Luckily I’m retired, so time isn’t something I’m short of, but the ease with which you can find yourself discovering new and interesting blogs and clicking that deceptively innocuous Follow button means that unless you get a grip on yourself, your blog list can start to resemble a catalogue, rather than a manageable shopping list.
The third thing I’ve learned is how very varied the world of blogging is. In my exploration of the forest of blogs out there, I’m starting to learn which kinds appeal to me and why. I think what draws me most to follow a blog is when I discover a blogger who has found his or her own distinctive voice and whose blog says things that interest, entertain or challenge me.
More practically, I’ve discovered that mostly I prefer longer posts to very short ones. I prefer posts which are the fruit of the author’s own thought and experience rather than a reworking of or even just a quote from another blog.
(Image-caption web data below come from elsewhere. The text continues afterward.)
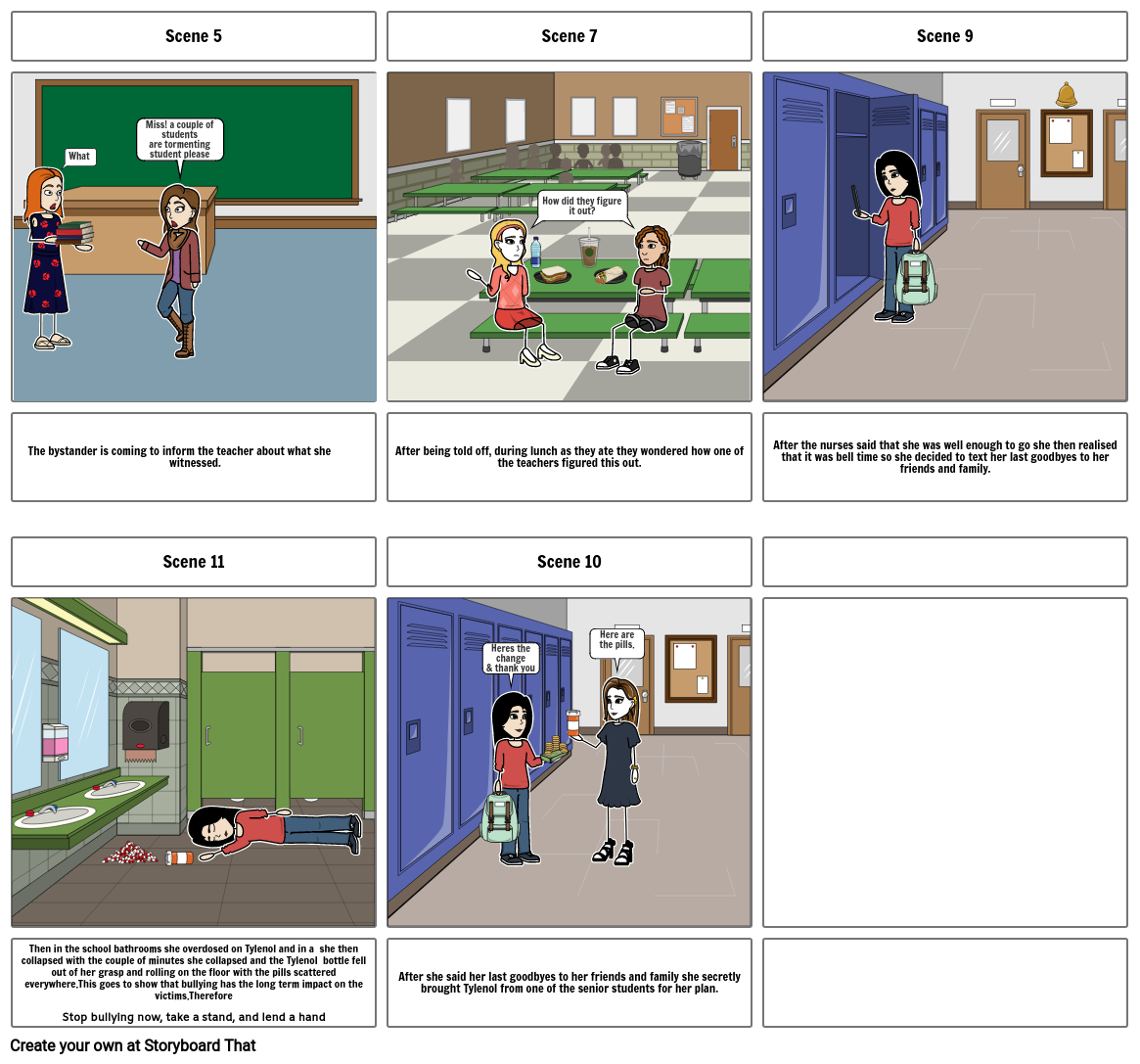 bullying-part-2-storyboard-par-3692edce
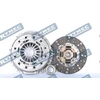 Image de Embrayage Complet Mazda 6/Cx-5 2,2 D Awd 12-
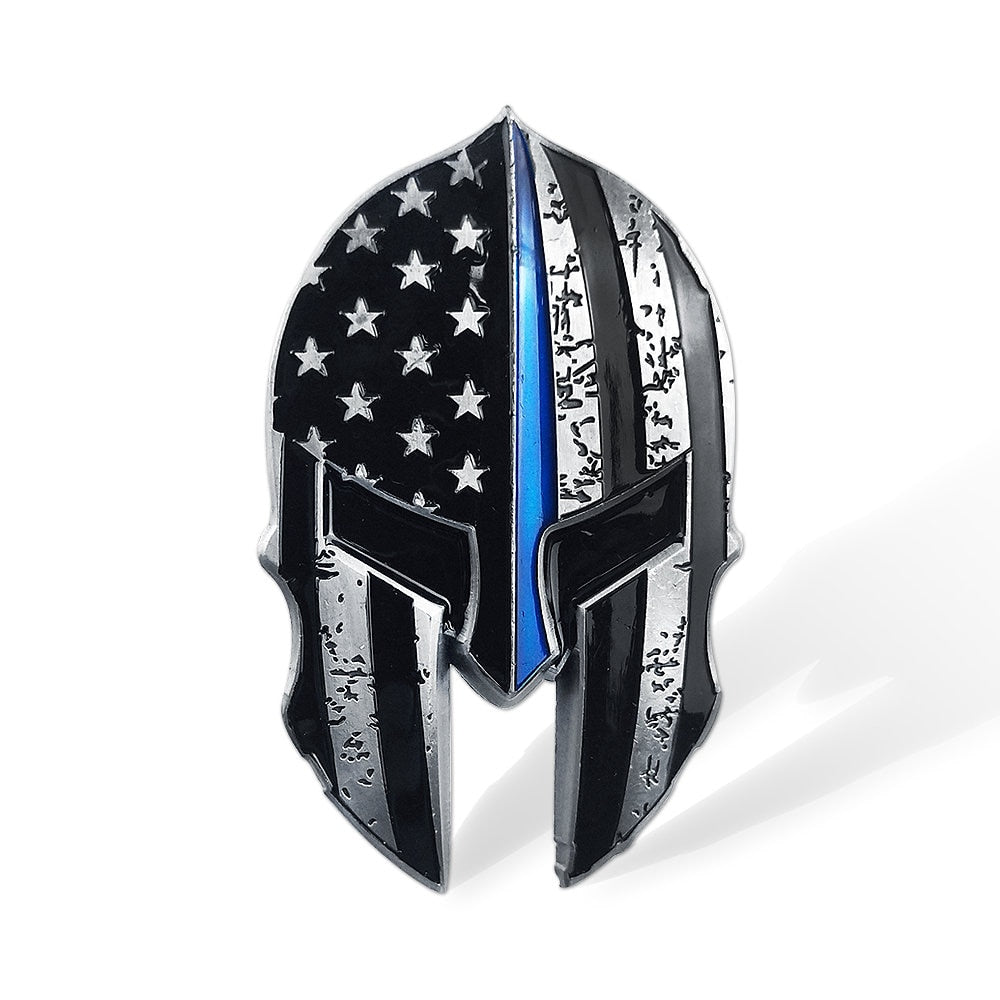 Navy CPO Collectible USN Chief Pride Challenge Coin Spartan Helmet Featured/gift for Him for father decowoodo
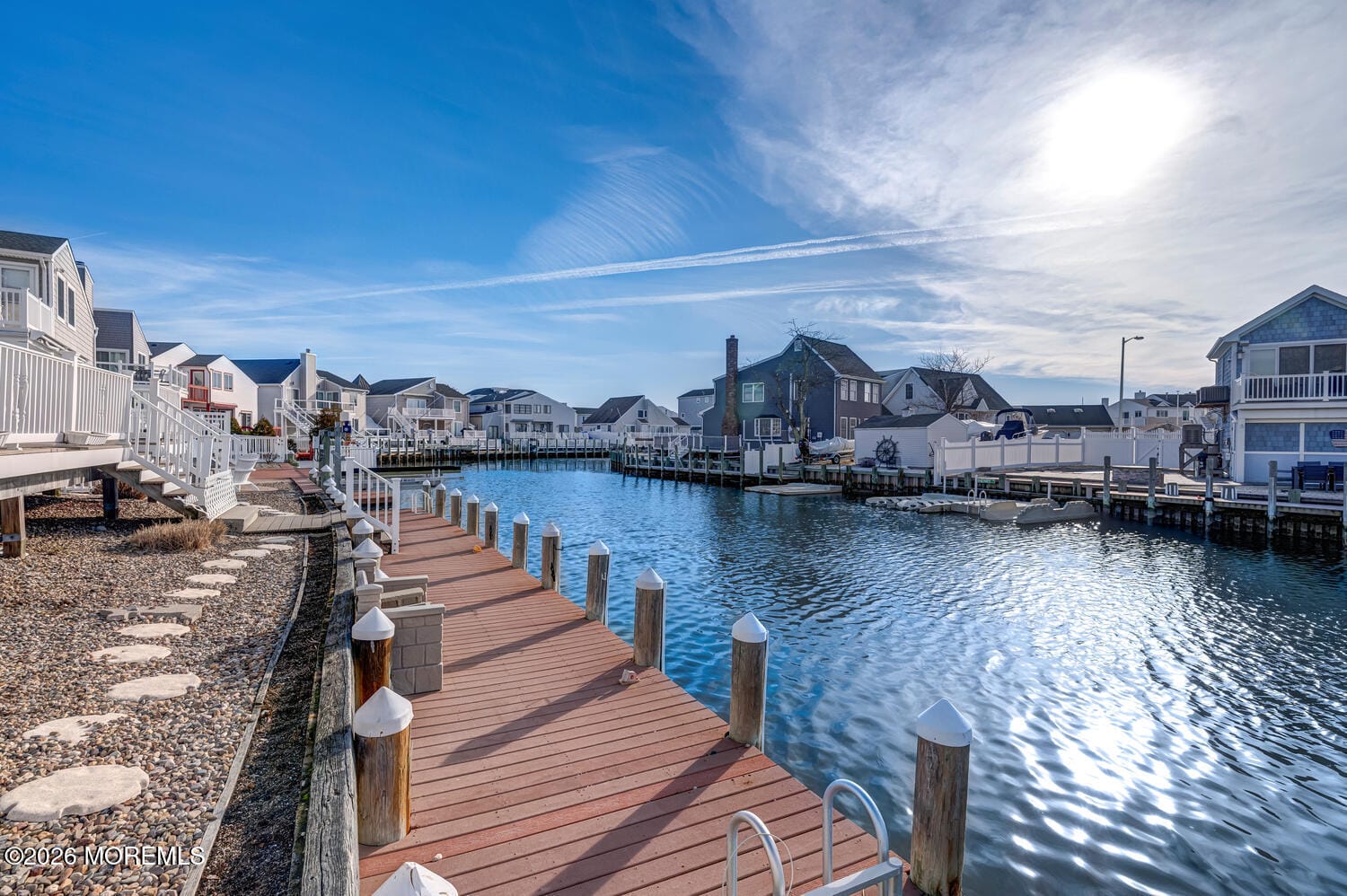 1988 Mill Creek Road, Manahawkin, NJ, 08050 image 7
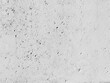 White Grunge Wall Texture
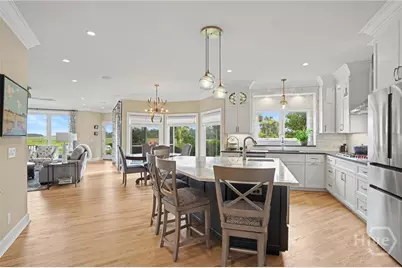 2 Marsh Bridge Lane, Savannah, GA 31411 - Photo 21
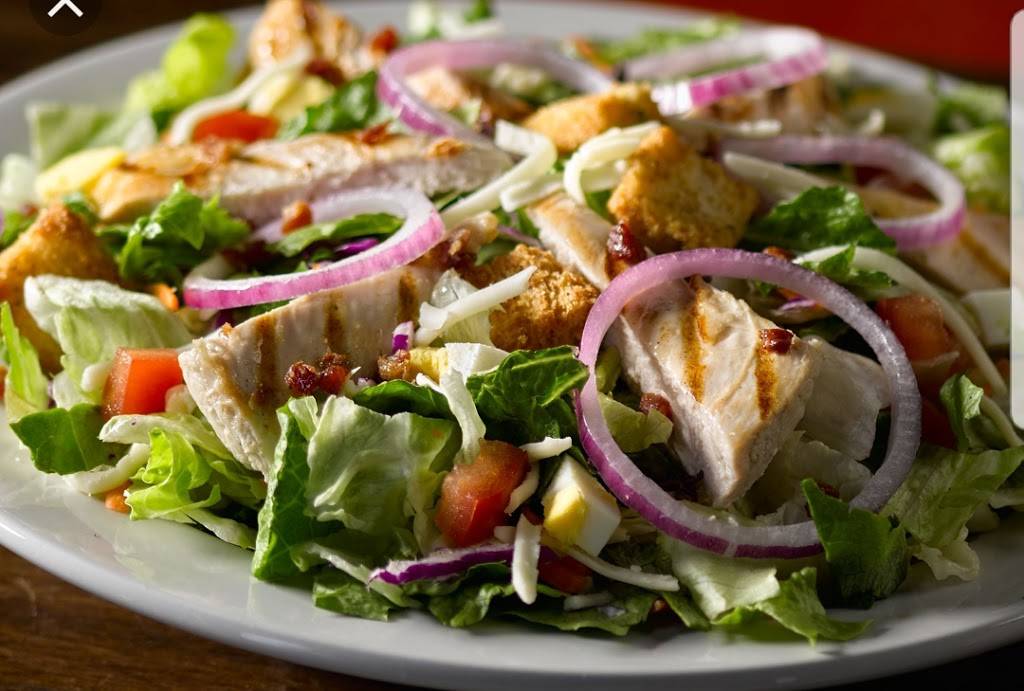 CJS Bar And Grill | restaurant | 105 E Marion St #7756, Monroe, IA 50170, USA | 6412592222 OR +1 641-259-2222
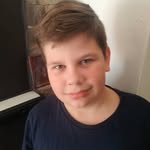 Daniel Karel Smita - @vetrelec2010 - Instagram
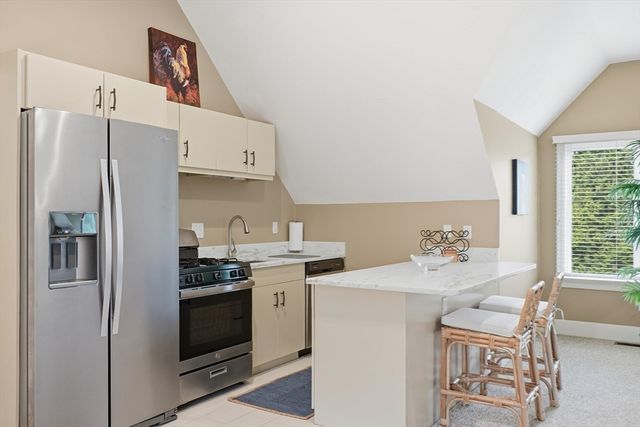 5 Pegan Lane, Natick, MA 01760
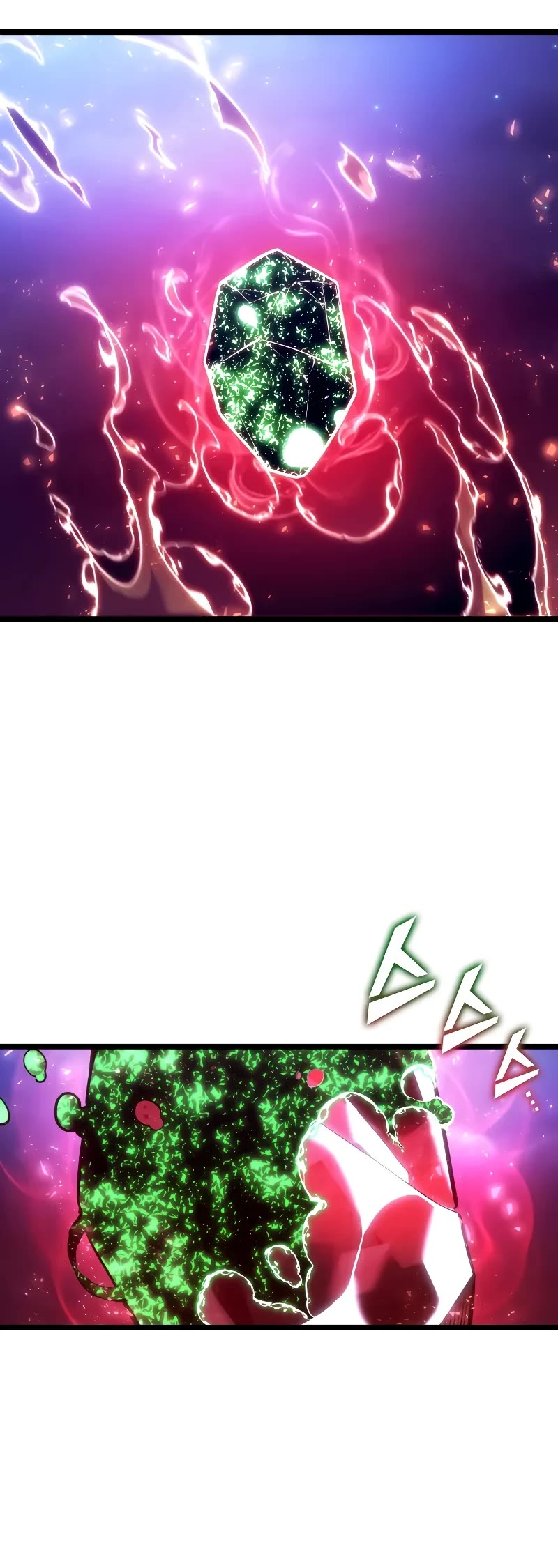 Return of the SSS-Class Ranker Chap 140 - Next Chap 141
I greatly appreciate serious, and often profound, posts, but humour is just as important to me, as is breadth of interest and a certain quirkiness.
I must confess to skipping over video clips, but that’s mainly because we have a rather slow and sometimes flaky broadband connection and video doesn’t play well for me. On the other hand I love photos and cartoons and other images, but prefer to have words with them.
Our slow broadband connection also means that what I think of as fussy blogs, those with lots of permanent images and multiple widgets can be a bit of a nightmare to follow, as they are so slow to load and often unstable on the screen. Thank goodness for Google Reader or I’d probably have given up on some of them by now, which would have been my loss.
As I have fairly poor sight, legibility matters a lot and I much prefer black text on a white or pale-coloured background. Very small font size and very long paragraphs are really hard work, as is pale text on a dark background. Again I’d probably have given up on these if it weren’t for Posts Atom or Google Reader. However, these are minor quibbles when weighed against what I have already gained from the world of blogging.
Above everything else I value the sense of becoming part of a community of people who generously share their thoughts, interests and experience with me in their blogs. I value too the fact that this community is world-wide, spanning oceans and linking continents, so that what I write can be read not only by people close to home in the UK and Europe, but from the USA to New Zealand, from Turkey to Costa Rica and I can reciprocate by following their blogs in my turn.
In the last couple of months my life has been enriched and I’ve had a huge amount of fun and it’s all thanks to you.